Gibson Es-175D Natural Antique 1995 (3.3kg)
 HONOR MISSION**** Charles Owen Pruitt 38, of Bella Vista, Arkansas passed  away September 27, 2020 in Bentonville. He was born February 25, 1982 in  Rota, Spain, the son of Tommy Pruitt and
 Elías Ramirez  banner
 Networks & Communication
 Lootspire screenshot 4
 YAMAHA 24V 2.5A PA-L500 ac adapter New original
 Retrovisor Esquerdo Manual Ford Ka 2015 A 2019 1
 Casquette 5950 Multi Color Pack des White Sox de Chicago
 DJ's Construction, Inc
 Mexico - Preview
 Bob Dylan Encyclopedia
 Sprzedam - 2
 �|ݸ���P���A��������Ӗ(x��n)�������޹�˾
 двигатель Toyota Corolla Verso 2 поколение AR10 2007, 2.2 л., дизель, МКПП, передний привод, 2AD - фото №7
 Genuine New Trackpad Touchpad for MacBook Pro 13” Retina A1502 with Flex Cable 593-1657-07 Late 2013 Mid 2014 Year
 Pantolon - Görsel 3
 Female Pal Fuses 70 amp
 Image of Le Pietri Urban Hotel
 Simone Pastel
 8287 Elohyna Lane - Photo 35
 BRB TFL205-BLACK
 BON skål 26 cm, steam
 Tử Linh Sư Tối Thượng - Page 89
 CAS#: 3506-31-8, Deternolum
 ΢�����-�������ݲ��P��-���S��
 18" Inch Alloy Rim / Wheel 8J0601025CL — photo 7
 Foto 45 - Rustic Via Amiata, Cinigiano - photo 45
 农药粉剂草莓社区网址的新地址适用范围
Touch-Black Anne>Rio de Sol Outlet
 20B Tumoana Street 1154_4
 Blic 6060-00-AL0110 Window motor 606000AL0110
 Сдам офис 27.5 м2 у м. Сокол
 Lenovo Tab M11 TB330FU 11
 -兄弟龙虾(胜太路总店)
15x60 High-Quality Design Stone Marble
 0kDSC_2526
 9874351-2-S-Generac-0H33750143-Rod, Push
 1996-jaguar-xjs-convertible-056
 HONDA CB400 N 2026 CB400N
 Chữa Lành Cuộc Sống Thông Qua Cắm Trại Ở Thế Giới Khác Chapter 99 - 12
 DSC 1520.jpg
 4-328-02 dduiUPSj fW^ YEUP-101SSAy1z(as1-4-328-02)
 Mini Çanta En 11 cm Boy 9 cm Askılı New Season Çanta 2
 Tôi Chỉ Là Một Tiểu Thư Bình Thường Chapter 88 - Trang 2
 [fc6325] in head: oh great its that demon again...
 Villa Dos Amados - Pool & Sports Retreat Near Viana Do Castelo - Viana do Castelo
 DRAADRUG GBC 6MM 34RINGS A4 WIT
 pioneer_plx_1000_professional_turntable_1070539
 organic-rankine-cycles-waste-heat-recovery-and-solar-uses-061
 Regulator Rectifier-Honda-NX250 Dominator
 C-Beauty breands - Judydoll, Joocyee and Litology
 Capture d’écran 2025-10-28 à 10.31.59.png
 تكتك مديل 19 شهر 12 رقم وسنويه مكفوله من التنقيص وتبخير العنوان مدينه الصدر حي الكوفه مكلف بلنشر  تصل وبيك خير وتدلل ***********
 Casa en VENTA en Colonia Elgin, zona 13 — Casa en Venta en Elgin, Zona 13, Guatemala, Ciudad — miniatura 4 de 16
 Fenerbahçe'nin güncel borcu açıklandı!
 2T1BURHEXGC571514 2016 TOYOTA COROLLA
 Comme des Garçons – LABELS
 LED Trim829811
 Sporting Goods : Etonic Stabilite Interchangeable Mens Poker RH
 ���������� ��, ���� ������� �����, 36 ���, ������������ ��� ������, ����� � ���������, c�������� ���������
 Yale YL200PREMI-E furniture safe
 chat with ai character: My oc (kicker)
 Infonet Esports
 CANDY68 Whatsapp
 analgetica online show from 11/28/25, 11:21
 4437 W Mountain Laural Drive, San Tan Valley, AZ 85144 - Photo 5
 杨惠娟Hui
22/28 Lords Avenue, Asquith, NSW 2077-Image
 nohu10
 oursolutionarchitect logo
==========
- WHAT IS NEEDED:
Write out once more the lines above beginning at the line with "pioneer_plx_1000_professional_turntable_1070539"; continue through the final line and stop there.

- RESULT:
 pioneer_plx_1000_professional_turntable_1070539
 organic-rankine-cycles-waste-heat-recovery-and-solar-uses-061
 Regulator Rectifier-Honda-NX250 Dominator
 C-Beauty breands - Judydoll, Joocyee and Litology
 Capture d’écran 2025-10-28 à 10.31.59.png
 تكتك مديل 19 شهر 12 رقم وسنويه مكفوله من التنقيص وتبخير العنوان مدينه الصدر حي الكوفه مكلف بلنشر  تصل وبيك خير وتدلل ***********
 Casa en VENTA en Colonia Elgin, zona 13 — Casa en Venta en Elgin, Zona 13, Guatemala, Ciudad — miniatura 4 de 16
 Fenerbahçe'nin güncel borcu açıklandı!
 2T1BURHEXGC571514 2016 TOYOTA COROLLA
 Comme des Garçons – LABELS
 LED Trim829811
 Sporting Goods : Etonic Stabilite Interchangeable Mens Poker RH
 ���������� ��, ���� ������� �����, 36 ���, ������������ ��� ������, ����� � ���������, c�������� ���������
 Yale YL200PREMI-E furniture safe
 chat with ai character: My oc (kicker)
 Infonet Esports
 CANDY68 Whatsapp
 analgetica online show from 11/28/25, 11:21
 4437 W Mountain Laural Drive, San Tan Valley, AZ 85144 - Photo 5
 杨惠娟Hui
22/28 Lords Avenue, Asquith, NSW 2077-Image
 nohu10
 oursolutionarchitect logo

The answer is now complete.